Join curator Samantha Lippett and artist duo Rachel McRae and Sarah Derat for an evening of discussion on dying in the digital age.

The event will consider recent psychosocial shifts in our relationship with death following the growth of digital communication and social media. Inspired by the recent development of memorial websites and the ‘Facebook graveyard’, participants are also invited to consider their own digital legacies through a demonstration of the duo’s recent Augmented Reality work Digital&Dead (2017), as well as a part-screening of the award winning Revisiting Genesis (2016) by artist Oreet Ashery.
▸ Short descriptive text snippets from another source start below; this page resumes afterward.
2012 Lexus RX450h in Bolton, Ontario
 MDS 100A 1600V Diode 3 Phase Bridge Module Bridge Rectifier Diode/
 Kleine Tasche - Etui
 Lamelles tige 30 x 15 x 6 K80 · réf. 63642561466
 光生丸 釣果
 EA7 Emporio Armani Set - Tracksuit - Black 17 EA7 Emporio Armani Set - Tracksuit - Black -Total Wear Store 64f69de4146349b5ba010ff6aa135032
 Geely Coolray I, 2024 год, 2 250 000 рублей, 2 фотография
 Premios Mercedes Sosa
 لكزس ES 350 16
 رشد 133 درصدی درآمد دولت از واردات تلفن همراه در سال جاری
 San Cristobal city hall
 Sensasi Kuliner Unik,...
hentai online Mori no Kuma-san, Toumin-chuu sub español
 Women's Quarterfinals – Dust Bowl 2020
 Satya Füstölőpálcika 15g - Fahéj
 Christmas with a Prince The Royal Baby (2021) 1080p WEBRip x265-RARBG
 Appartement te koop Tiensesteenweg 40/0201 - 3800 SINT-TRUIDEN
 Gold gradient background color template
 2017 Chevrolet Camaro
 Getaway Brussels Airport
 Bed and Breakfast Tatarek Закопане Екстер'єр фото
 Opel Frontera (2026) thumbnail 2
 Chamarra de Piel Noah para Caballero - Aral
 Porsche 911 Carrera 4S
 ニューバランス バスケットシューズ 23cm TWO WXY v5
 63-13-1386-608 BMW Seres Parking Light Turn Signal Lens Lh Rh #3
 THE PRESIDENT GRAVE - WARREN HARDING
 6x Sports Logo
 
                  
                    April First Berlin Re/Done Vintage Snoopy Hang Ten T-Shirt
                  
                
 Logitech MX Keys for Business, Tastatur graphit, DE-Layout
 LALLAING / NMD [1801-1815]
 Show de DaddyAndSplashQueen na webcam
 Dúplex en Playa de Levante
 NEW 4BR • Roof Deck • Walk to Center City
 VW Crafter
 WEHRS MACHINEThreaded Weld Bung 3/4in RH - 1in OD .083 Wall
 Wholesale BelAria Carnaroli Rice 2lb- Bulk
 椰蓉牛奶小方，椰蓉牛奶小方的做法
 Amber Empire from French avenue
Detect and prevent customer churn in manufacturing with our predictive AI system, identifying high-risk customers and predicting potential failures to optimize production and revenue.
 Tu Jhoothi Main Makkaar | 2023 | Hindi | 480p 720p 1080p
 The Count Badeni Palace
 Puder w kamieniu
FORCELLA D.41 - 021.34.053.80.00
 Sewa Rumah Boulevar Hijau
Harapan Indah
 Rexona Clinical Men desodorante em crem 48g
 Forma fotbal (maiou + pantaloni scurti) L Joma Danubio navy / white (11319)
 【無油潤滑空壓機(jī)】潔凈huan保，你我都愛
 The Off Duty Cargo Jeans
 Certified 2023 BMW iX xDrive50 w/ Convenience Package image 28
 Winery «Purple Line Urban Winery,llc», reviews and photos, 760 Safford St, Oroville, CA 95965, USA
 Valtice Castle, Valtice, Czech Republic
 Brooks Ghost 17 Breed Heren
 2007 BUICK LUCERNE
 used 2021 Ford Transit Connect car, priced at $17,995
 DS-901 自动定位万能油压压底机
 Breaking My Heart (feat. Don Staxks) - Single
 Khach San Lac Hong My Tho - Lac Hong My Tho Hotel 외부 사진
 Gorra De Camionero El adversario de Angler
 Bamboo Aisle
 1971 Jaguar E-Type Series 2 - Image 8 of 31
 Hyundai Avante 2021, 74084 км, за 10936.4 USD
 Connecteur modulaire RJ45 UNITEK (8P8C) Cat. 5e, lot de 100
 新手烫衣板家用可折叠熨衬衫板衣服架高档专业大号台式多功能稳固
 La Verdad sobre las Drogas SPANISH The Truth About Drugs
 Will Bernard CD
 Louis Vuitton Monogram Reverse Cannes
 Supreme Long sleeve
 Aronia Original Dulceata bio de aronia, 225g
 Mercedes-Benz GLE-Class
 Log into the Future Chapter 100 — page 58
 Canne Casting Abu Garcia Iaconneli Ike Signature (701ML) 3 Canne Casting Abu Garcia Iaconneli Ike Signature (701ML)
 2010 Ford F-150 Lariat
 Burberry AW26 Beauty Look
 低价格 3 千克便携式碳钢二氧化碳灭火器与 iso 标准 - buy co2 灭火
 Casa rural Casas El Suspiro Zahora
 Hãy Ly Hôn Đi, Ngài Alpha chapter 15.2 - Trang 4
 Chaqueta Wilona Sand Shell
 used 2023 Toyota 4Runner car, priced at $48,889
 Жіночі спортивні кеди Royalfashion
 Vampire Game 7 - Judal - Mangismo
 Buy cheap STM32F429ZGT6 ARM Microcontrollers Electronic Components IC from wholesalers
Has the algorithm made us eternal, or undead and what is the appropriate way to memorialise the deceased, post-body, in an age after the Internet?


To book email mail@southlondongallery.org or call 020 7703 6120, the box office is open 11am-6pm, Tuesday-Sunday and 11am-9pm on Wednesdays.

Digital&Dead is supported using public funding by the Arts Council of England, the Canada Council for the Arts and made with the support of Cereproc.


Digital&Dead is a collaborative project, started in 2016, produced by artists Sarah Derat and Rachel McRae. Their work together draws from shared interests in the complex overlap(s) between the lived experience and our online lives, between our biological perceptive functions and our ghost-like avatars. Digital&Dead reconsiders the idea of the ‘haunt’ in an age of wireless signal, using Augmented Reality technology and data culled from social media accounts to create floating ‘in-between’ spaces.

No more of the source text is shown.